Examples of AI
Many examples of AI — either already created, as works in progress, or as envisioned in the future — are commonly cited in books and articles. Examples include:
- Self-driving cars that understand the rules of the road, can perceive objects in their environments (other vehicles, pedestrians, road signs, etc.), and can operate the car to safely and efficiently deliver their passengers to their intended destinations
- Robots that can assist with tasks around the home, which can understand spoken requests, navigate through their surroundings, and perform mechanical actions to achieved desired tasks
- Robots that can successfully stabilize, clear, and/or decontaminate situations or environments that are hazardous to humans
- Computer programs that play games, such as chess or Go, at a level better than the best humans
- Phone apps that tell you what kind of plant you took a picture of
- Phone apps that tell you what kind of bird you are listening to
- Chatbots that can write compelling text given a prompt to start with
- Applications that ingest some text and provide a short and useful summary
- Applications that write computer code based on a textual description of what that code needs to accomplish
- Applications that translate written or spoken text in one language to any other language
- Computer programs that can quickly generate many candidate small molecule structures that might work effectively as drugs or medicines
All of the examples listed above describe things that humans could do, and that seem to require some level of knowledge or expertise for humans to accomplish. In some cases, the interest may lie in the fact that machines can do something better or faster than humans; in some cases, the appeal seems to involve having machines do something that humans find boring, distracting, or dangerous.
Are we just interested in recreating anything that a human can do, but maybe faster, better, or otherwise just freeing up our time for other things? Or are there things that we would like machines to do that humans cannot do, and if so, would we consider them intelligent?
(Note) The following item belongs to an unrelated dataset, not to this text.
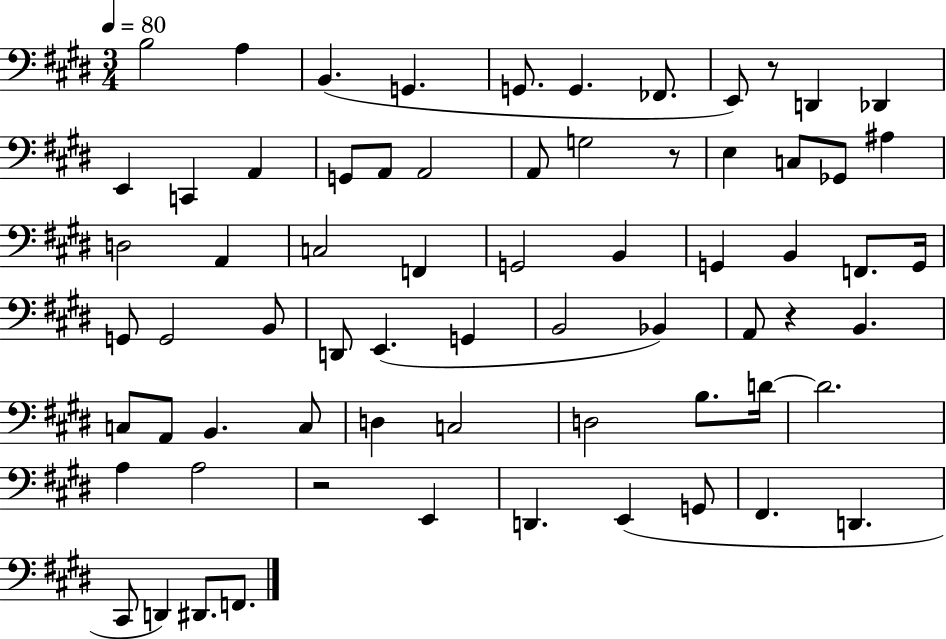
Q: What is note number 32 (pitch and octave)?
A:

It should be noted that what constitutes "AI" is a moving bar, and will continue to move, perhaps even more quickly now that advances are coming at a rapid pace. One of the things a self-driving car needs to be able to do is plan a route, factoring in criteria such as fastest vs shortest vs least expensive, and taking into account current traffic information. In the past, such as task might have been construed as a hallmark of intelligence, but GPS devices and apps have been around for a long time to provide such functionality, and now seem rather mundane. (Some might argue that planning a route was never about intelligence, but just a problem in graph traversal, through the use of something like Dijkstra's algorithm.) The well-known computer scientist Larry Tesler is often misquoted as having said: “Artificial Intelligence is whatever hasn't been done yet”, but what he actually said was: “Intelligence is whatever machines haven't done yet”. There is a lot of debate as to what actually constitutes intelligence, and as we perhaps move from Narrow AI to General AI (more to follow), such debates will get more firmly grounded in machines that are being built, rather than in speculations about the future.
It should also be noted that all of the examples listed above describe functionality — that is, things that can be accomplished — rather than mechanisms or details by which that functionality is achieved. A recurring theme that we will revisit in some of the following pages involves this separation of outward-facing functionality from inward-facing implementation.